In a fibrated system all events form a total order: fibration is a sequential programming technique in which pieces of the program suspend of their own volition, and are resumed by a scheduler at the earliest when their I/O requirement is met.

Fibres communicating with anonymous channels cannot deadlock, deadlock is a legitimate method of suicide. When a fibres starves for input, or blocks for output, which cannot arrive, the fibre is removed (by the garbage collector) and so a deadlock is equivalent to the fibre exiting.

The details are beyond the scope of this brief description and can be found elsewhere.

Asynchronous Event Handling

Felix has an asynchronous event handling system which currently supports two kinds of events: timeout of an alarm clock, and socket readiness notifications.

When utilised a separate system pthread monitors timers and sockets using the best available technology for the current platform: it chooses between select, poll, epoll, kqueue, Windows completion ports and Solaris completion ports.

When a coroutine waits for a clock alarm, or requests a socket read, write, or connection, its fibre is blocked until the alarm triggers, or the requestion socket I/O operation is complete. However other coroutines running on the same pthread do not block.

Garbage Collection and Threads

Felix runs with a garbage collector. Use of the collector is “optional” in a certain sense. The collector is a naive world-stop mark/sweep variety, with a parallel mark algorithm.

The collector can be called manually, or is triggered by an attempt to allocate memory when a threshold is reached. Felix uses an allocator which itself calls the C library malloc. The collector is precise with object allocated on the Felix heap, tolerates but cannot scan objects allocated on the C heap, and conservative on the machine stack.

When a collection is triggered it must wait until all threads stop.
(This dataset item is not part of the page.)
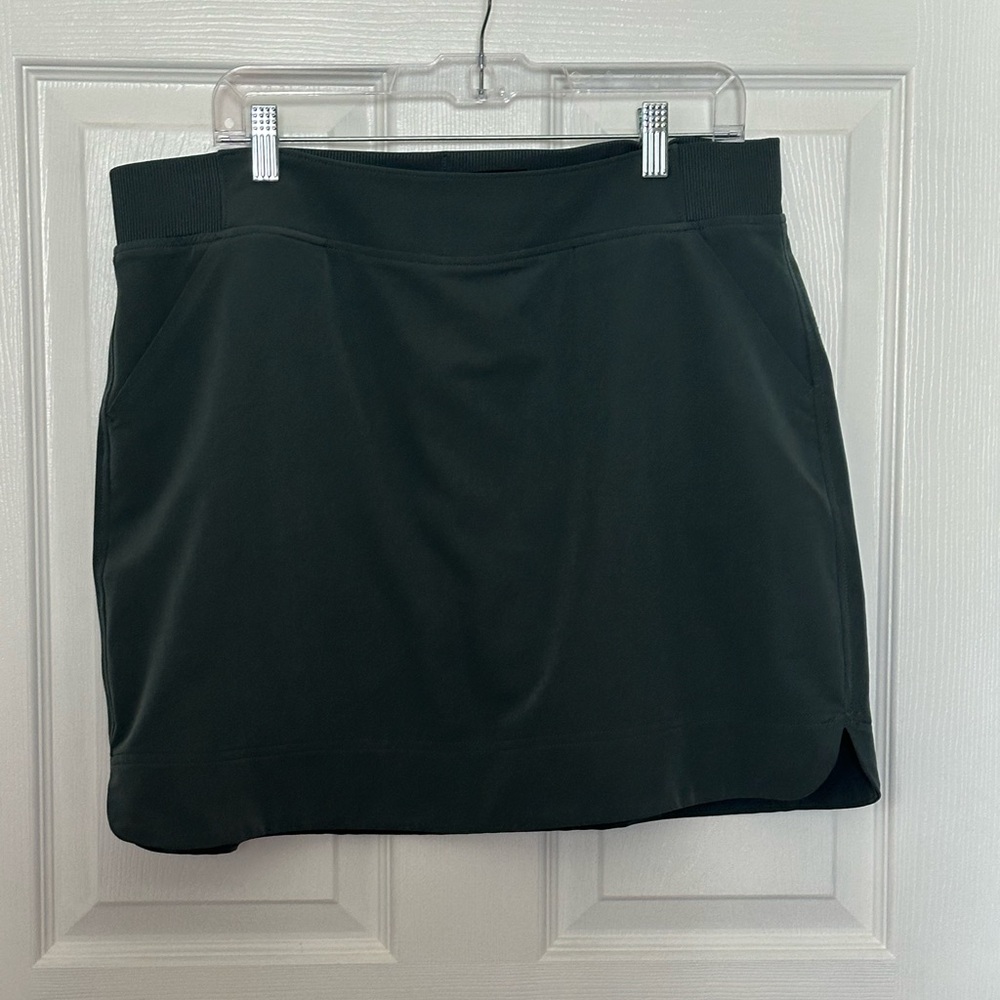32 DEGREES Ladies' Skort  in Smoke Green Sz:Large EUC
Threads will stop only when they attempt an allocation or explicitly check for the GC pending flag. Because of this Felix provides its own versions of synchronisation primitives such as mutex and semaphores. Raw system primitives can only be used with knowledge of the memory and execution model. For example a raw mutex is fine provided the scope of the lock does no allocations and completes in bounded time. The Felix mutex is actually a spin lock that checks the GC flag whilst spinning (and also inserts an small OS based sleep in the spin loop to encourage the holder of the lock to run and complete.

Closures

It is important to note variables including `val`s are part of a stack frame object which may be allocated on the heap and the capture is via a pointer to the whole frame. This means when a closure is executed, the value of the captured variable is the value current at the time the closure executes and not the value at the time of capture.

For example:

var x = 1;
var g: (1->0)^3;
noinline proc f (y:int) () { println$ y; };
for i in 1..3 do
  &g.(i - 1) <- f x; // capture value x in y
  ++x;
done
for i in 1..3 do
  g.(i - 1) (); // prints 1,2,3
done

Without the noinline Felix is too smart and the variable y is inlined to the mainline, so there is only one copy, when you run the script, it prints 4,4,4. If you just change the parameter to var y:int to force eager evaluation, it prints 3,3,3.

Capture by address is not a design fault, it is in fact the only option. Just consider:

var x = 1;
fun getx() => x;
++x;
println$ getx();

You would be surprised if this printed 1! You expect the function to report the current value of x.